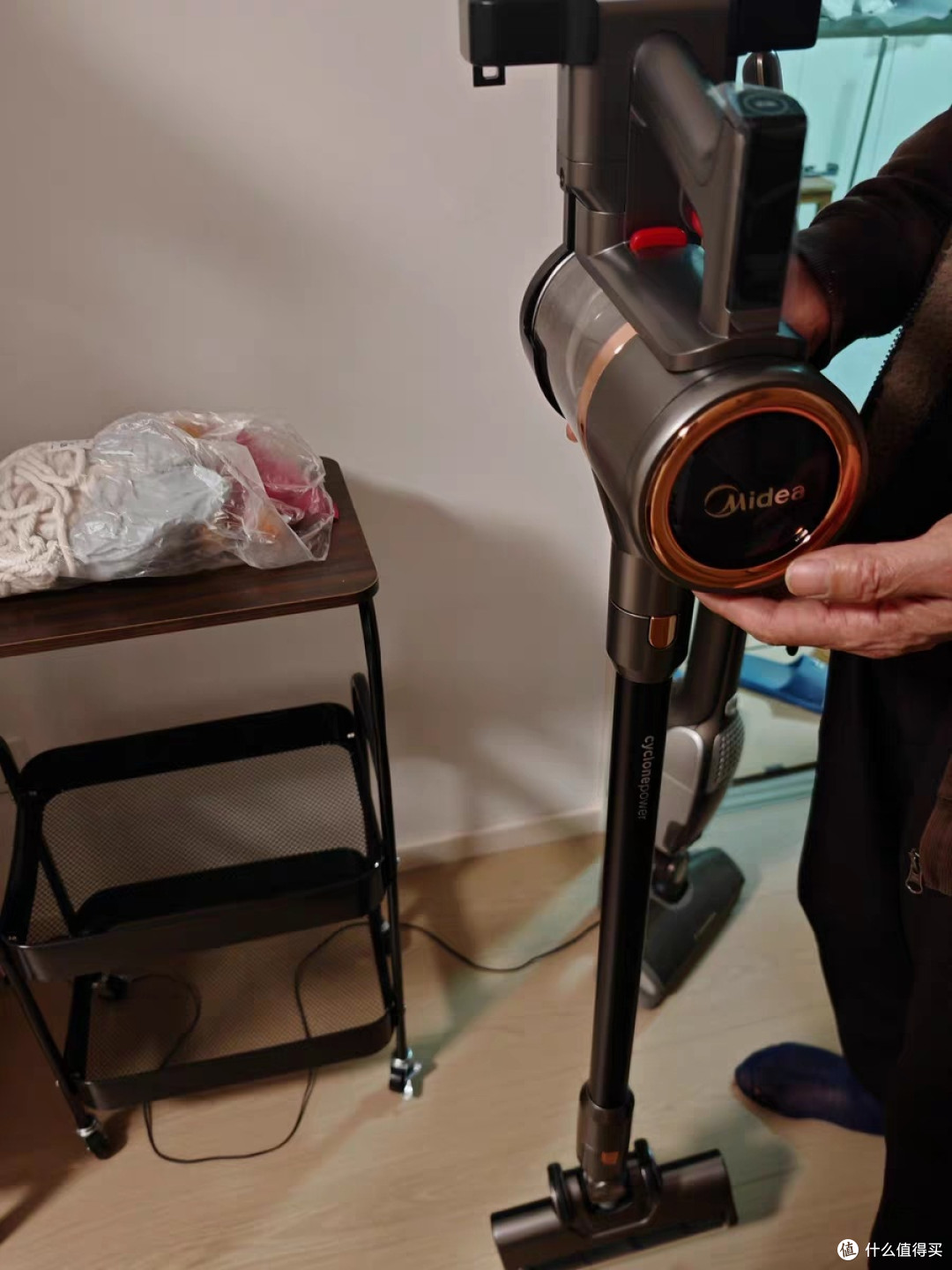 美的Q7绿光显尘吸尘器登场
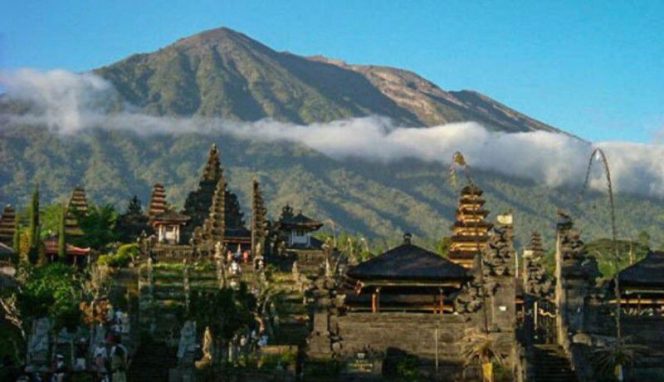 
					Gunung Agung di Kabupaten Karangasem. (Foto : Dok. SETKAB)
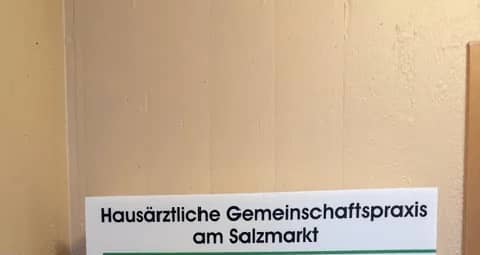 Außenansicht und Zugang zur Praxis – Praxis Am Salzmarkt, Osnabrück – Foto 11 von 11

--

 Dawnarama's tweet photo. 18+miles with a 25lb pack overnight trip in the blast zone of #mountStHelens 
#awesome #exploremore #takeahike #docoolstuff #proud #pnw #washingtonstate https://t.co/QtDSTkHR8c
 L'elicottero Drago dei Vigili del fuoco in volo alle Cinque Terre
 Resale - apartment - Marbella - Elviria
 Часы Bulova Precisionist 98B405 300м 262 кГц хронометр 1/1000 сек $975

==

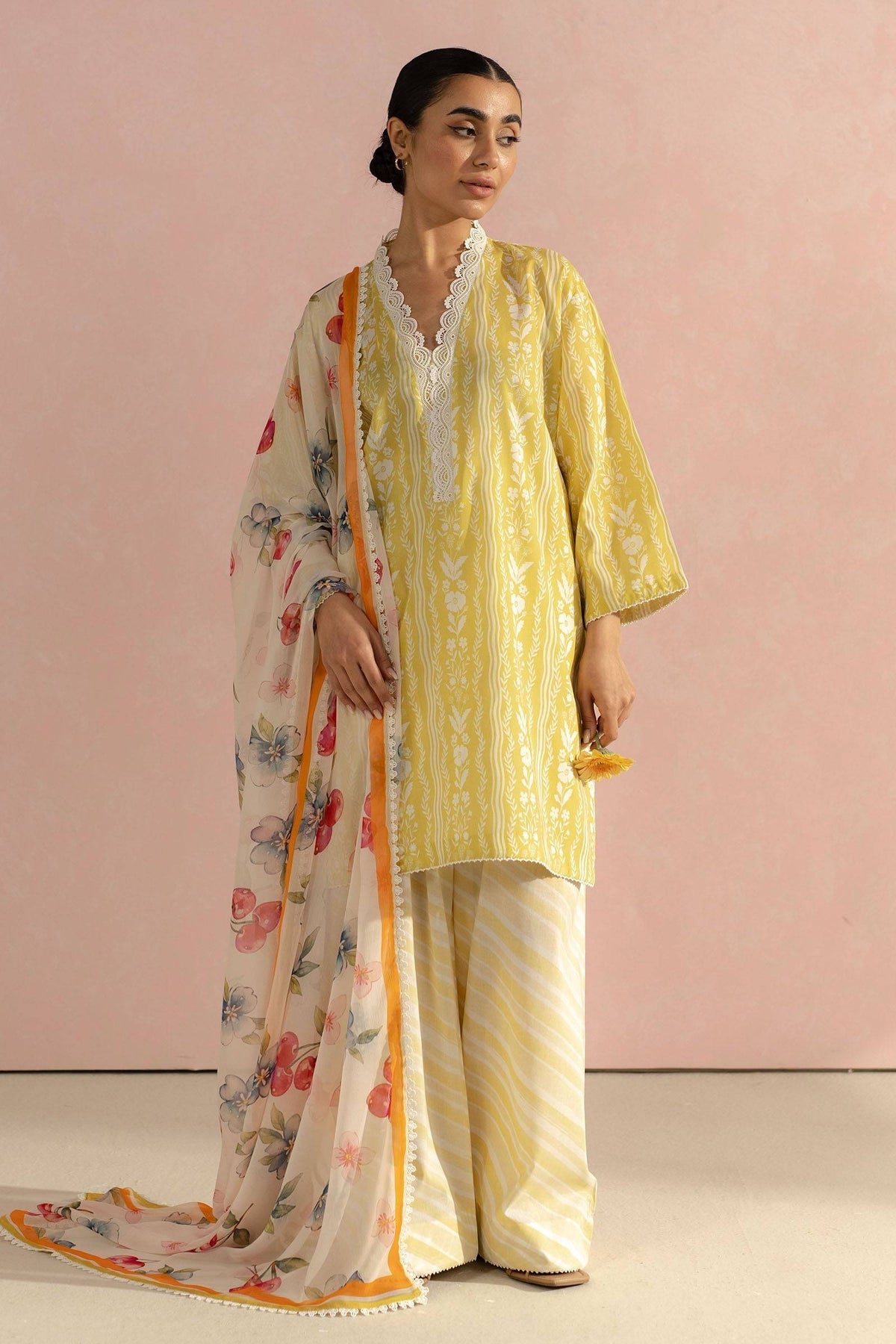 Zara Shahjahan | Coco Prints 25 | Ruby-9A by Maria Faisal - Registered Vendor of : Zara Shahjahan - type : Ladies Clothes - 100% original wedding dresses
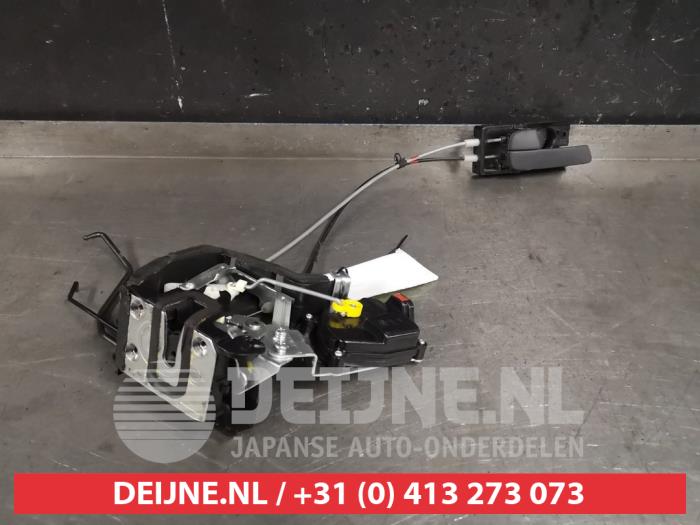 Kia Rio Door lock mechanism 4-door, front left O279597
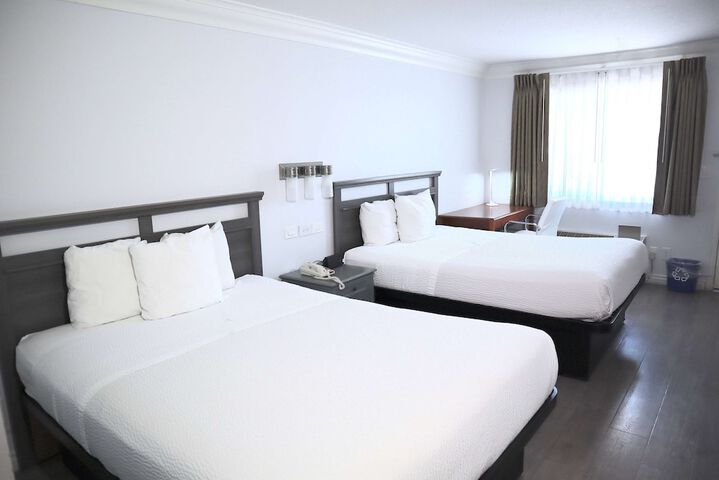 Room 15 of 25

The task - In the listing above, find the line containing "美的Q7绿光显尘吸尘器登场". Output it and every line after it up to and including the line containing "Außenansicht und Zugang", exactly, but skip the pictures.

Output for this task -
 美的Q7绿光显尘吸尘器登场
					Gunung Agung di Kabupaten Karangasem. (Foto : Dok. SETKAB)
 Außenansicht und Zugang zur Praxis – Praxis Am Salzmarkt, Osnabrück – Foto 11 von 11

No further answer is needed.